» INFORMATION:
----------
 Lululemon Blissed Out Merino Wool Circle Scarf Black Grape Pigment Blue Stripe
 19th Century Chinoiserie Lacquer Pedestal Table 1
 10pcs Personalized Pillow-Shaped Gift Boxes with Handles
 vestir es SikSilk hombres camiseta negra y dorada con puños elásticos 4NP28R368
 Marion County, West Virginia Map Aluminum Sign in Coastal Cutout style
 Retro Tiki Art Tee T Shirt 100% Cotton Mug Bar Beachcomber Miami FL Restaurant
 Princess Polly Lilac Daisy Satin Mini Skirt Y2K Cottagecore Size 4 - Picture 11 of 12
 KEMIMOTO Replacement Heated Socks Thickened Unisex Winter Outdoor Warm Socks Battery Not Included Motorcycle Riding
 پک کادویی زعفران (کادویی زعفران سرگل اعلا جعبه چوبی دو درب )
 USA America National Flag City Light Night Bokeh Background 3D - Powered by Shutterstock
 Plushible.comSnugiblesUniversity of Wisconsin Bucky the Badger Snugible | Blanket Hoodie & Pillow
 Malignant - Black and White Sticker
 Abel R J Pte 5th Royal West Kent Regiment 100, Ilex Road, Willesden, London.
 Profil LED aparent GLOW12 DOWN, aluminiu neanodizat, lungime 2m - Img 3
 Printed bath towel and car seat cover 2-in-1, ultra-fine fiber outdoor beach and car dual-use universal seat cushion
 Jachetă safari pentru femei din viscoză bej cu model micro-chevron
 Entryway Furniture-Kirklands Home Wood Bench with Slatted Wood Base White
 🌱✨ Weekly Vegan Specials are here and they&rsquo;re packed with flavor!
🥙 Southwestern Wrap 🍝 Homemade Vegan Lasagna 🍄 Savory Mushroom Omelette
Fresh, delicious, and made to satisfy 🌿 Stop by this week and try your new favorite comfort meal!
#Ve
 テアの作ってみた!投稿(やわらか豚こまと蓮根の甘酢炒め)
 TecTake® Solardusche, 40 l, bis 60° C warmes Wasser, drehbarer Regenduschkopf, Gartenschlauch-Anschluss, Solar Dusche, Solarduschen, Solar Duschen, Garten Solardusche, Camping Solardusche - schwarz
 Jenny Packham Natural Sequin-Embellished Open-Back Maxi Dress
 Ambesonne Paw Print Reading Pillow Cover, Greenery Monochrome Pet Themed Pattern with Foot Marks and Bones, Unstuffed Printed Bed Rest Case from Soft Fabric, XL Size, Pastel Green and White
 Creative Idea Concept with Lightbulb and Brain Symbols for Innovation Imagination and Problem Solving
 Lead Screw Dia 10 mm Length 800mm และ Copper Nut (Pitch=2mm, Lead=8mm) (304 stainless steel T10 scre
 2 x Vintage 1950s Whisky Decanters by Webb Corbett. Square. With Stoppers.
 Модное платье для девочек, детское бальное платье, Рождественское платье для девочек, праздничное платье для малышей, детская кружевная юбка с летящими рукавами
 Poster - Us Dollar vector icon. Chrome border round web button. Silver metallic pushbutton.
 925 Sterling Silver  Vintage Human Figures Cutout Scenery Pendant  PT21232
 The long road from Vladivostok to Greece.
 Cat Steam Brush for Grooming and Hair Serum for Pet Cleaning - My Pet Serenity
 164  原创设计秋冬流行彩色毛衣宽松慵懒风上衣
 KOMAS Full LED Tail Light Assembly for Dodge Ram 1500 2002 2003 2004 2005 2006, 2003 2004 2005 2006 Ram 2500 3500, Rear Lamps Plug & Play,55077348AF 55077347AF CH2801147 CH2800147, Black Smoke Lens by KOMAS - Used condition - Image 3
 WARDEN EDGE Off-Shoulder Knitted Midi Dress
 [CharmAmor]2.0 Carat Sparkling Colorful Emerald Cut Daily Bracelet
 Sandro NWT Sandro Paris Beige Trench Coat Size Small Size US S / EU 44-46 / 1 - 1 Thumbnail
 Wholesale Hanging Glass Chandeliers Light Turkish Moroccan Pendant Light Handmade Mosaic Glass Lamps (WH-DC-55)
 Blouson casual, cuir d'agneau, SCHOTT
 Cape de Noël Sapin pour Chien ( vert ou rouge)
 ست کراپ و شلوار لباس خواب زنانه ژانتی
----------
» WHAT IS BEING ASKED:
Look through the material above for the string "Vegan" and copy each line that has it.

» TASK ANSWER:
 🌱✨ Weekly Vegan Specials are here and they&rsquo;re packed with flavor!
🥙 Southwestern Wrap 🍝 Homemade Vegan Lasagna 🍄 Savory Mushroom Omelette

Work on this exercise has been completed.